This evening Jesus speaks to you in the words of St Paul to his young disciple Timothy: "Fight the good fight of the faith: take hold of the eternal life to which you were called" (1 Tim 6, 12). Most of you have already accepted Jesus in Baptism, and you have been strengthened for the "Good fight of the faith" in the Sacrament of Confirmation. But what is this "faith"?
It is faith in "Christ Jesus who in his testimony before Pontius Pilate made the good confession" (1 Tim 6, 13). You remember the scene from St John’s Gospel. Pilate wants to understand the charges brought against Jesus. He wants to know who Jesus is. And Jesus plainly confesses who he is: "For this I was born, and for this I have come into the world, to bear witness to the truth. Every one who is of the truth hears my voice" (Jn 18, 37).
But what is the truth to which he bore witness? It is that God loves us, that he is Love itself; that whoever sees Jesus sees the Father (cf Jn 14, 9). The truth is that God, the Father of Jesus, is also our Father: "The blessed and only Sovereign, the King of kings and Lord of lords, who alone has immortality and dwells in unapproachable light, whom no man has seen or can see" (1 Tim 6, 15-16). This God, whom mankind and each one of us has sought in his or her own way, is made known to us and to the world by Jesus. Jesus confirmed the confession of his truth by giving his life for us on the Cross and by rising from the dead.

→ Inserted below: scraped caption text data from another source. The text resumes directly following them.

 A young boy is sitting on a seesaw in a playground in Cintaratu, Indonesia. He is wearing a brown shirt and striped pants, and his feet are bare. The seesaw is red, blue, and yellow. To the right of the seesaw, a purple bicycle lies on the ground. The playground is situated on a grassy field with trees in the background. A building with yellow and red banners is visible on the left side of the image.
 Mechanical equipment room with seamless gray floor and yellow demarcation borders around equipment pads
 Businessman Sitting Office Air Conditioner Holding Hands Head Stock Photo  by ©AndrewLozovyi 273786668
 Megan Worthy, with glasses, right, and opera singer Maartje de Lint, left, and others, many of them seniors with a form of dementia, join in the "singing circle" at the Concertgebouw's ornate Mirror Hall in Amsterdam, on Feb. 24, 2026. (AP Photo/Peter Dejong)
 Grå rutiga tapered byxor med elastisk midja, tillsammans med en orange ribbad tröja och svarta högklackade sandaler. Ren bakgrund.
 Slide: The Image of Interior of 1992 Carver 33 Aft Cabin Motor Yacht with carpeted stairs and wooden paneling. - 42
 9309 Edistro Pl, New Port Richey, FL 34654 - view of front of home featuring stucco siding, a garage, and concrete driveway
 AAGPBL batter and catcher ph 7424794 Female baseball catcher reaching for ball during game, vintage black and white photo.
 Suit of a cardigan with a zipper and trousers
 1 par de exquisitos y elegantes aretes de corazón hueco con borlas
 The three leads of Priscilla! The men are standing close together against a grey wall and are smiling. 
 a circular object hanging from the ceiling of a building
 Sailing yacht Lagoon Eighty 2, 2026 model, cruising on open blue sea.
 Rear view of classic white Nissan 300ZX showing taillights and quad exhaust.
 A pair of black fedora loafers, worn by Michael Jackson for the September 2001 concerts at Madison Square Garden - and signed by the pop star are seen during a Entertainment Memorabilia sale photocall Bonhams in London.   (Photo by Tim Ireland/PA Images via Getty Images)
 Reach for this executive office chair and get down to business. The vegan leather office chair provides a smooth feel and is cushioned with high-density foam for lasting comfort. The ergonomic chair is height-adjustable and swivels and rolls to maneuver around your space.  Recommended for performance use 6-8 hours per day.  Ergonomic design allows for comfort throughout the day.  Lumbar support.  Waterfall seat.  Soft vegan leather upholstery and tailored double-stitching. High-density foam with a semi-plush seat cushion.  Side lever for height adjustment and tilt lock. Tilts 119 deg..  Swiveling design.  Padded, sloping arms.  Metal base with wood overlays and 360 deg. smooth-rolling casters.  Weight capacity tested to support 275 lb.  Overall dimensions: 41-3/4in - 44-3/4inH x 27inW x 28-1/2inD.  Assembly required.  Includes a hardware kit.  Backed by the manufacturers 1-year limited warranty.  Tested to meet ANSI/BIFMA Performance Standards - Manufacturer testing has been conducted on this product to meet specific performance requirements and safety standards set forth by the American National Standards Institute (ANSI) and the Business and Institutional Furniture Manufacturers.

4. By accepting this truth, and by accepting your own share in Christ’s paschal Sacrifice, you do what St Paul encouraged Timothy to do: "Take hold of the eternal life to which you were called . . ." (1 Tim 6, 12). It is not easy. First of all you will have to struggle against disbelief: your own at times: and the disbelief of those who, like Pontius Pilate, are not interested or have given up hope of ever finding the true meaning of their lives. Like Pilate they ask without hope, "What is truth?", and walk away without the answer.
Then you must fight against the temptation to water down the requirements of the Gospel, the temptation to falsify Jesus’ message by weakening the personal and collective moral demands that he makes on those who follow him. To fight against this temptation is to "fight the good fight of the faith".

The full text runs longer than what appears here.